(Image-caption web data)
........
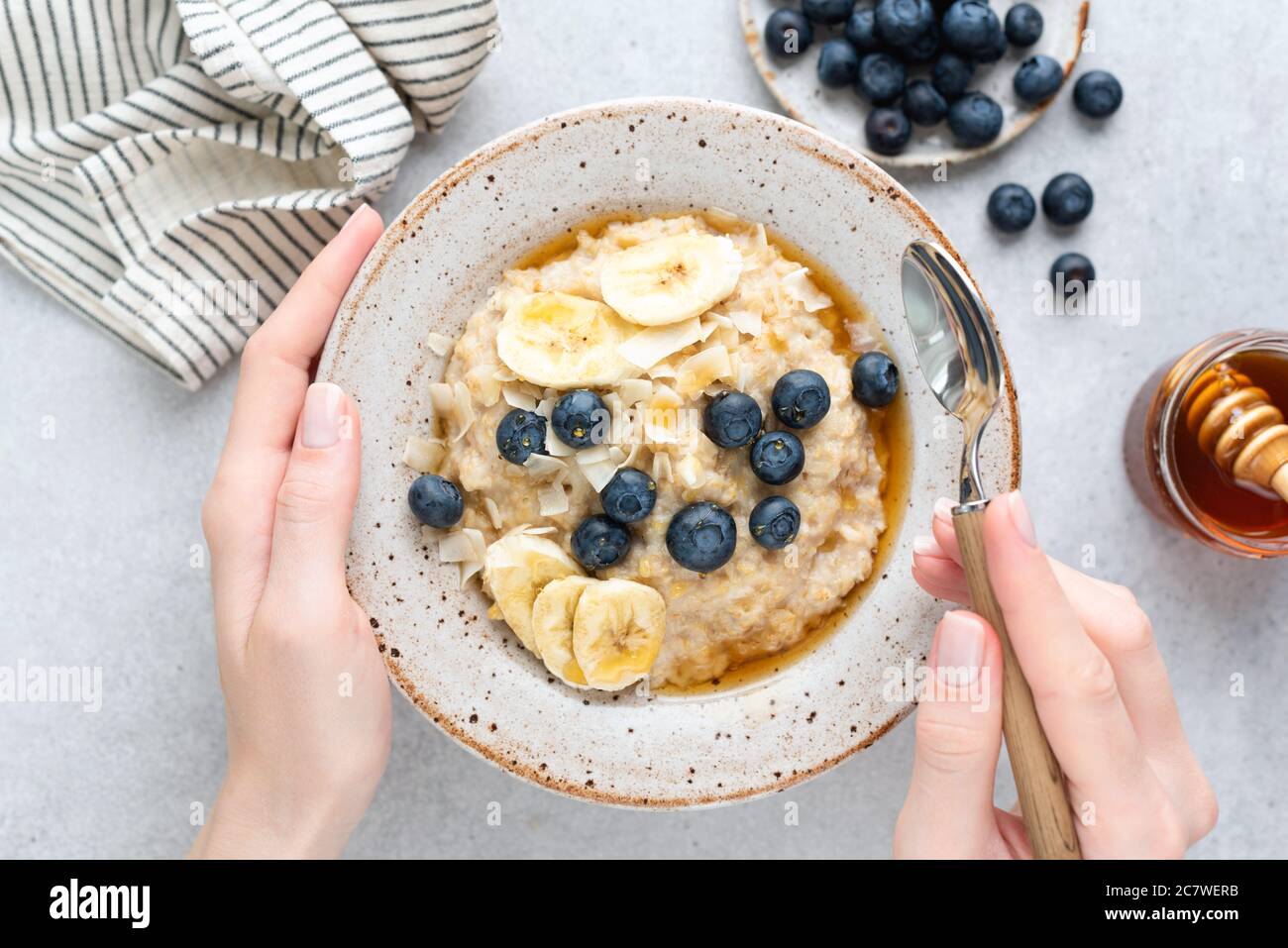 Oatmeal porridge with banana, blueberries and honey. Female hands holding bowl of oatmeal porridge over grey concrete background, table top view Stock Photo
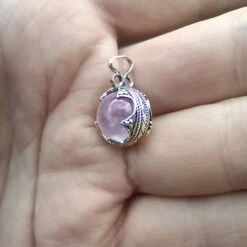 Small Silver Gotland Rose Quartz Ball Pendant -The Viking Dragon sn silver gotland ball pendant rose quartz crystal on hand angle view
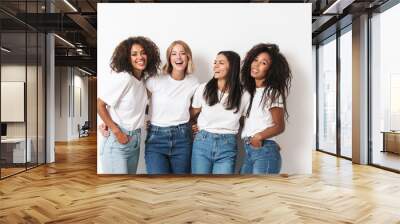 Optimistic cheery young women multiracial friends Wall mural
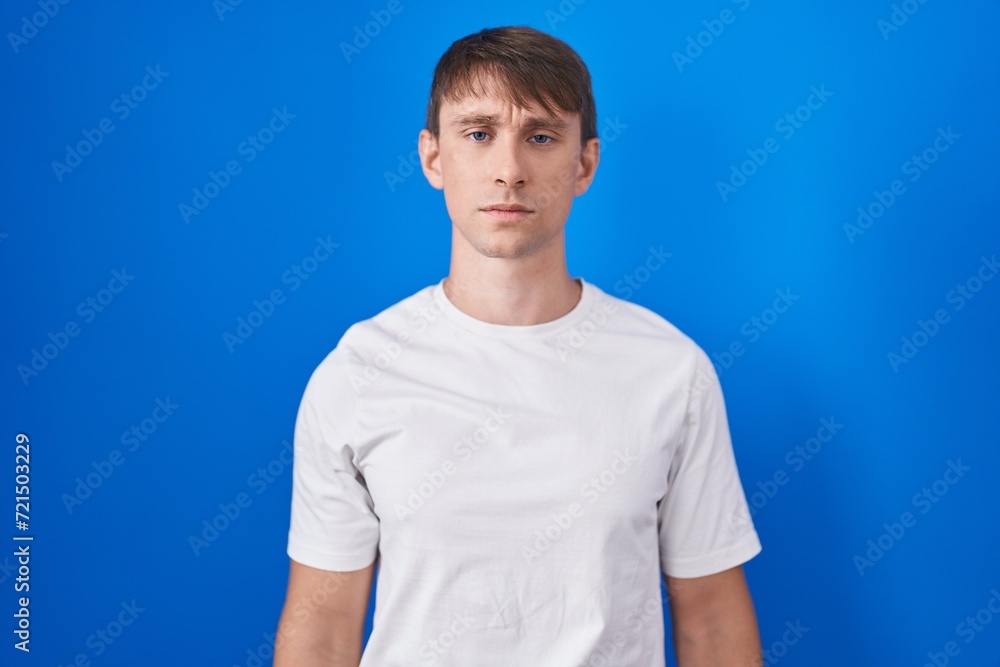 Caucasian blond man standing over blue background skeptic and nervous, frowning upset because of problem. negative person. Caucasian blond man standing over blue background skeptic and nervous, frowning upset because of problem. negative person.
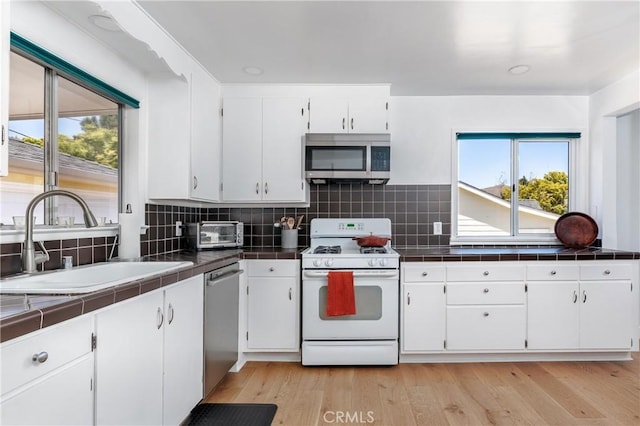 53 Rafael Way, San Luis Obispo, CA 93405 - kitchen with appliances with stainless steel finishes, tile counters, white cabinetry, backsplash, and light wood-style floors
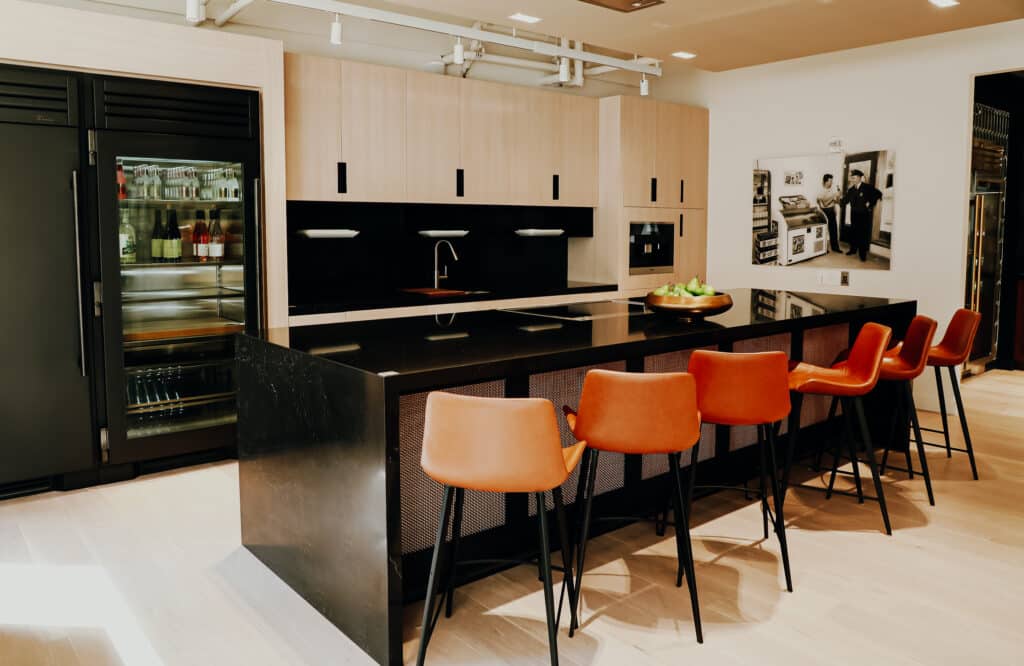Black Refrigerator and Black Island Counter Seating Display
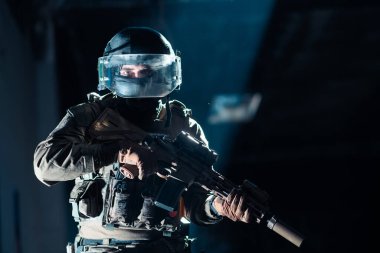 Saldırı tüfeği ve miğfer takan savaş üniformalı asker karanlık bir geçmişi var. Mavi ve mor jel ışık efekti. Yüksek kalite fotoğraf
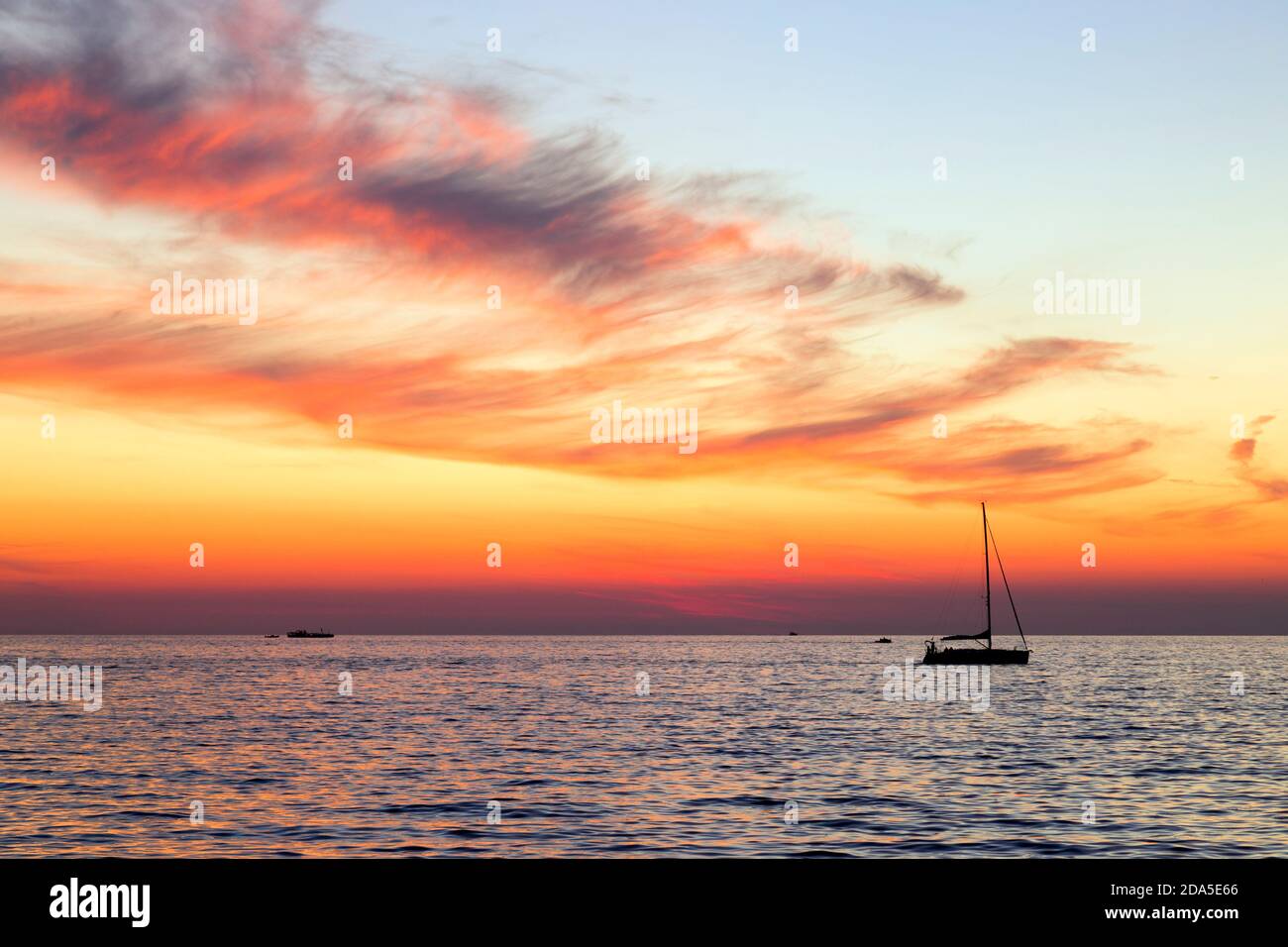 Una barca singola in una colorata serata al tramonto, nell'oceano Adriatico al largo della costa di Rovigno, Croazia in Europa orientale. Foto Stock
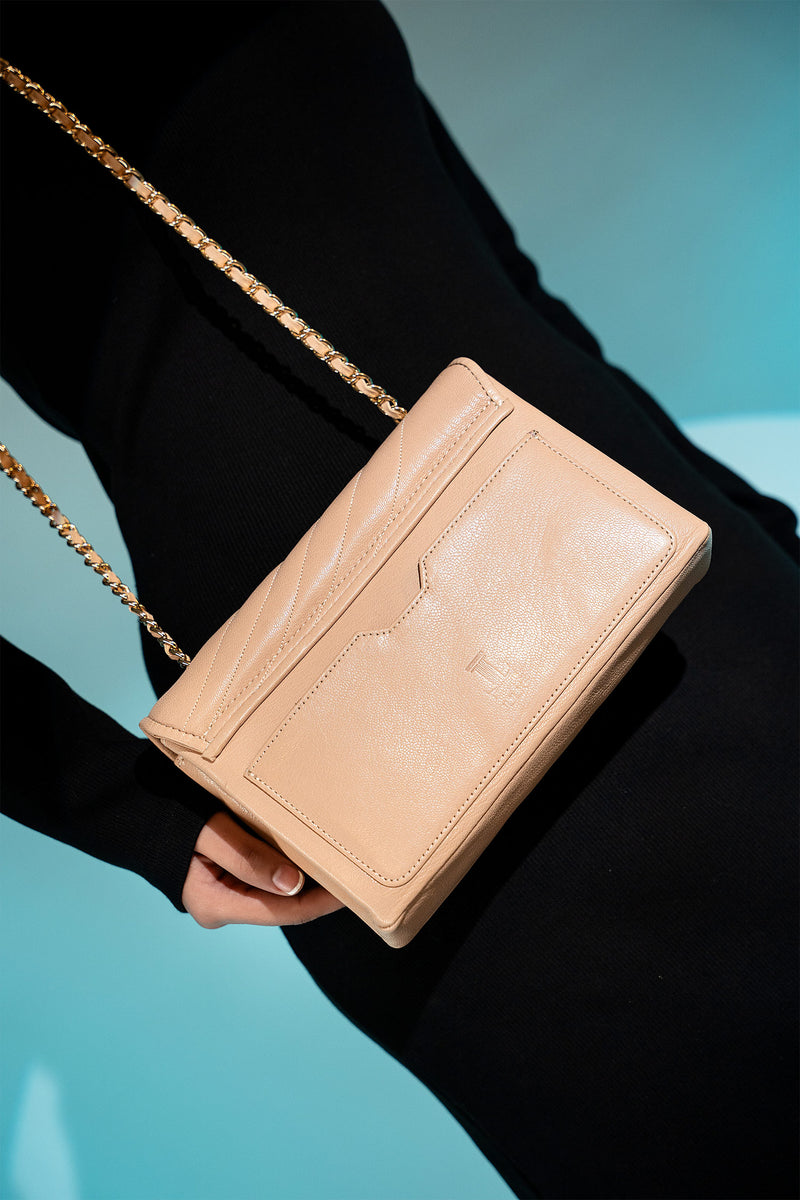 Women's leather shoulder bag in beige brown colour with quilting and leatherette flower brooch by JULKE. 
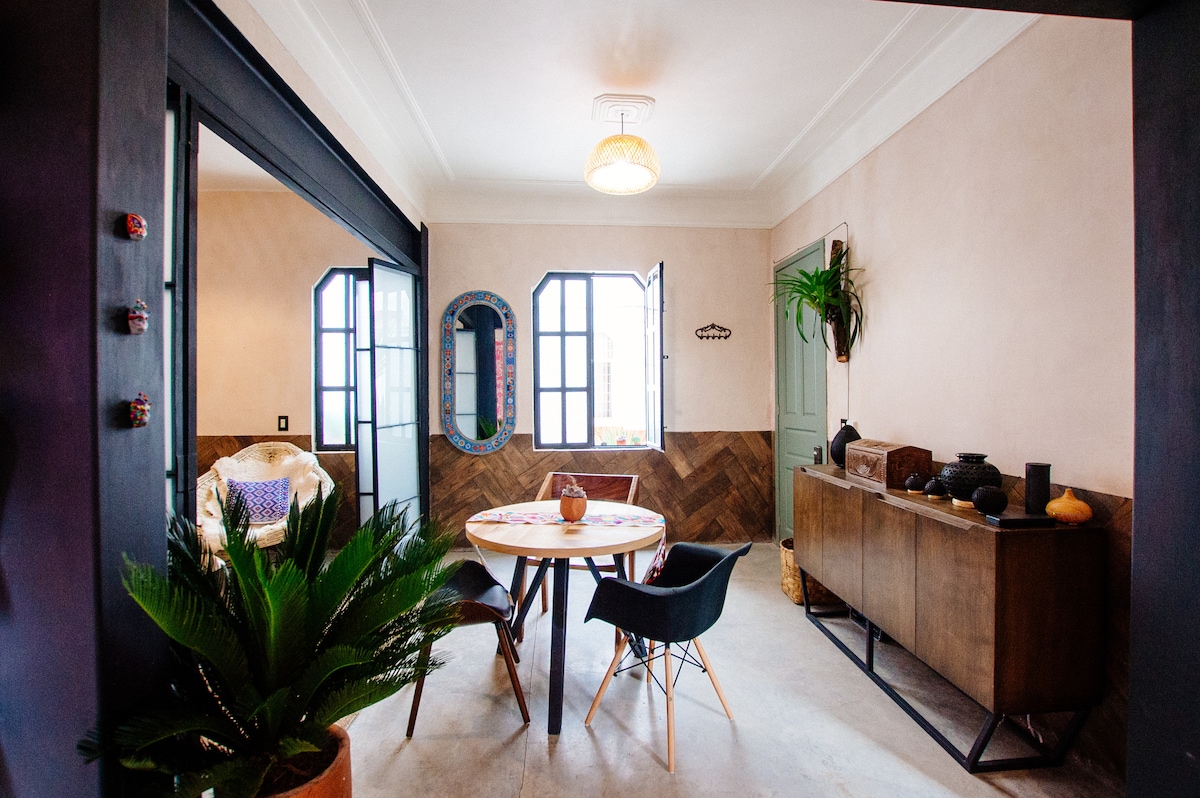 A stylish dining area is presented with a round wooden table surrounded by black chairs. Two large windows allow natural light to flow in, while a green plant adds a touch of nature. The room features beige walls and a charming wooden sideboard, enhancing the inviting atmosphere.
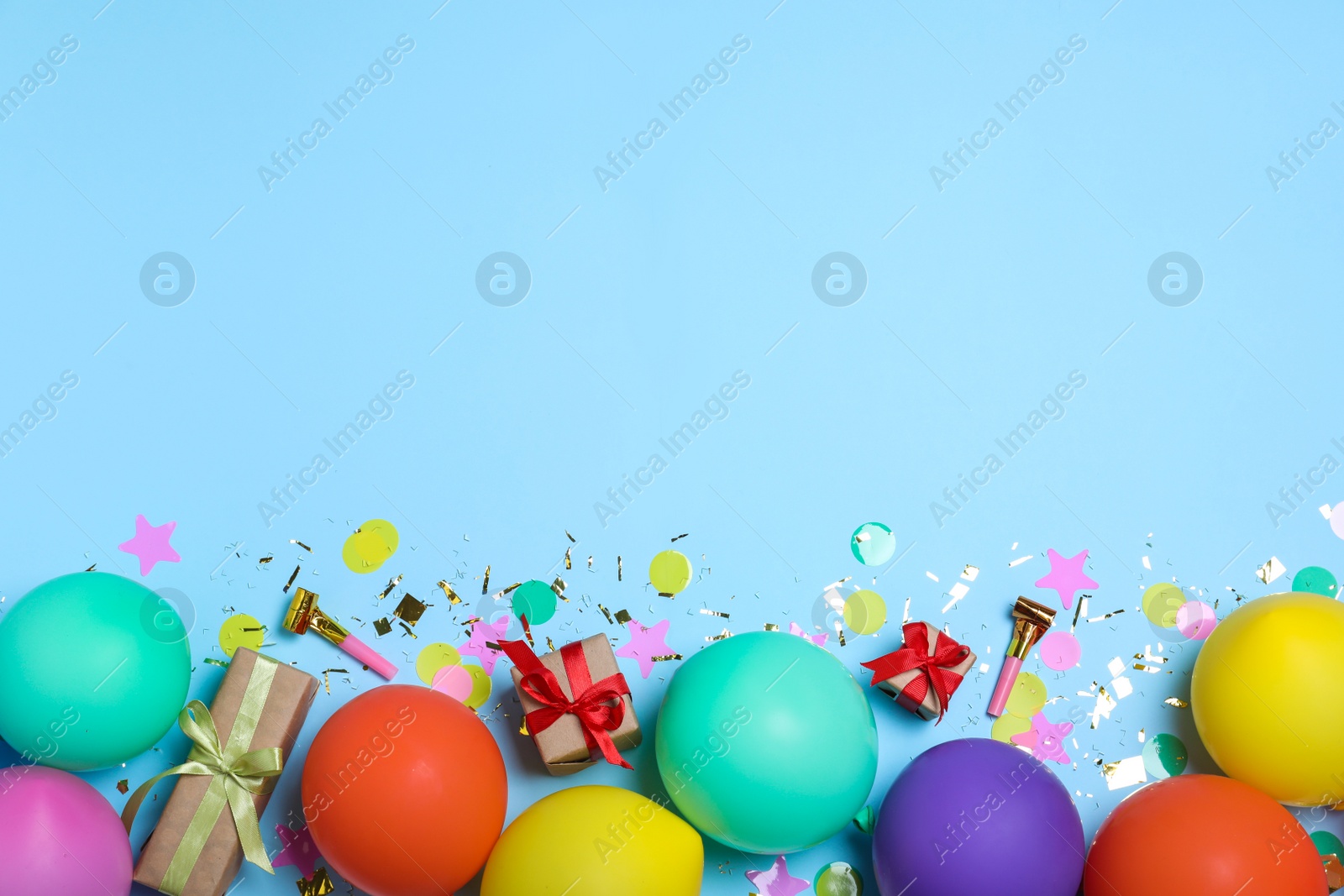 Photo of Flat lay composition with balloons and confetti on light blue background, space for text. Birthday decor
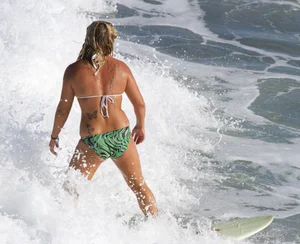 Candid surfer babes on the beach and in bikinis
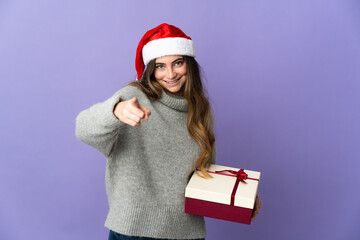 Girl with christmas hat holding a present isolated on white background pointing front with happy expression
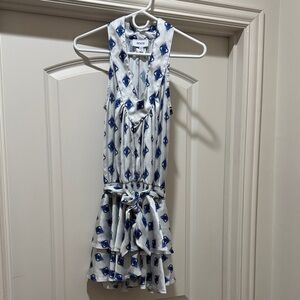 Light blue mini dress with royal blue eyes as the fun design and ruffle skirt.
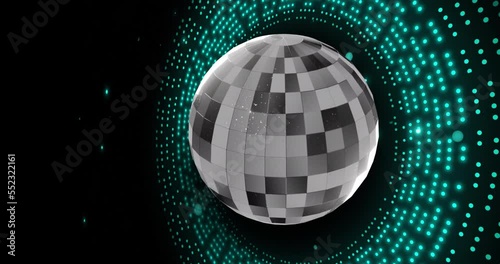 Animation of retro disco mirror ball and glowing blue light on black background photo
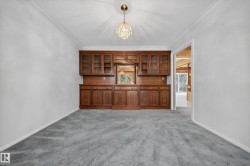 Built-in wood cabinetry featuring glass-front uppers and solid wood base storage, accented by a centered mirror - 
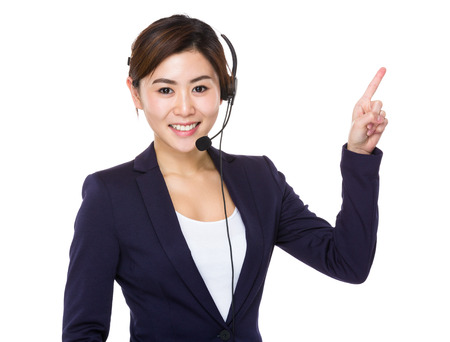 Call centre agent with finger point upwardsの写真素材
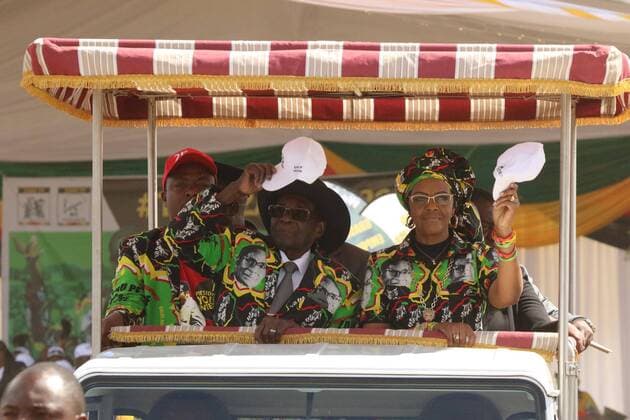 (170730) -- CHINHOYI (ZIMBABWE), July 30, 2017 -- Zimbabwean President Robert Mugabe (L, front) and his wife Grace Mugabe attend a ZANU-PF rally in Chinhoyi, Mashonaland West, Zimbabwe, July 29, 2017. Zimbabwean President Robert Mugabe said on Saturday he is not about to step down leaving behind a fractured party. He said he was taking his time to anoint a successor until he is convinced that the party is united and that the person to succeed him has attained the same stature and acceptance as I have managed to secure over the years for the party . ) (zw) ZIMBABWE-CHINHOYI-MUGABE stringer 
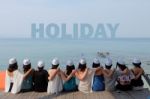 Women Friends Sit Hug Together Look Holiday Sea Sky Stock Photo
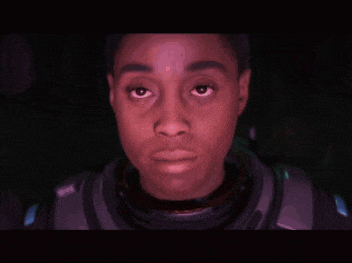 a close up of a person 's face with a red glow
........
The data above must be given again in full and unaltered, minus its images.

Solution for this task ->
 Oatmeal porridge with banana, blueberries and honey. Female hands holding bowl of oatmeal porridge over grey concrete background, table top view Stock Photo
 Small Silver Gotland Rose Quartz Ball Pendant -The Viking Dragon sn silver gotland ball pendant rose quartz crystal on hand angle view
 Optimistic cheery young women multiracial friends Wall mural
 Caucasian blond man standing over blue background skeptic and nervous, frowning upset because of problem. negative person. Caucasian blond man standing over blue background skeptic and nervous, frowning upset because of problem. negative person.
 53 Rafael Way, San Luis Obispo, CA 93405 - kitchen with appliances with stainless steel finishes, tile counters, white cabinetry, backsplash, and light wood-style floors
Black Refrigerator and Black Island Counter Seating Display
 Saldırı tüfeği ve miğfer takan savaş üniformalı asker karanlık bir geçmişi var. Mavi ve mor jel ışık efekti. Yüksek kalite fotoğraf
 Una barca singola in una colorata serata al tramonto, nell'oceano Adriatico al largo della costa di Rovigno, Croazia in Europa orientale. Foto Stock
 Women's leather shoulder bag in beige brown colour with quilting and leatherette flower brooch by JULKE. 
 A stylish dining area is presented with a round wooden table surrounded by black chairs. Two large windows allow natural light to flow in, while a green plant adds a touch of nature. The room features beige walls and a charming wooden sideboard, enhancing the inviting atmosphere.
 Photo of Flat lay composition with balloons and confetti on light blue background, space for text. Birthday decor
 Candid surfer babes on the beach and in bikinis
 Girl with christmas hat holding a present isolated on white background pointing front with happy expression
 Light blue mini dress with royal blue eyes as the fun design and ruffle skirt.
 Animation of retro disco mirror ball and glowing blue light on black background photo
 Built-in wood cabinetry featuring glass-front uppers and solid wood base storage, accented by a centered mirror - 
 Call centre agent with finger point upwardsの写真素材
 (170730) -- CHINHOYI (ZIMBABWE), July 30, 2017 -- Zimbabwean President Robert Mugabe (L, front) and his wife Grace Mugabe attend a ZANU-PF rally in Chinhoyi, Mashonaland West, Zimbabwe, July 29, 2017. Zimbabwean President Robert Mugabe said on Saturday he is not about to step down leaving behind a fractured party. He said he was taking his time to anoint a successor until he is convinced that the party is united and that the person to succeed him has attained the same stature and acceptance as I have managed to secure over the years for the party . ) (zw) ZIMBABWE-CHINHOYI-MUGABE stringer 
 Women Friends Sit Hug Together Look Holiday Sea Sky Stock Photo
 a close up of a person 's face with a red glow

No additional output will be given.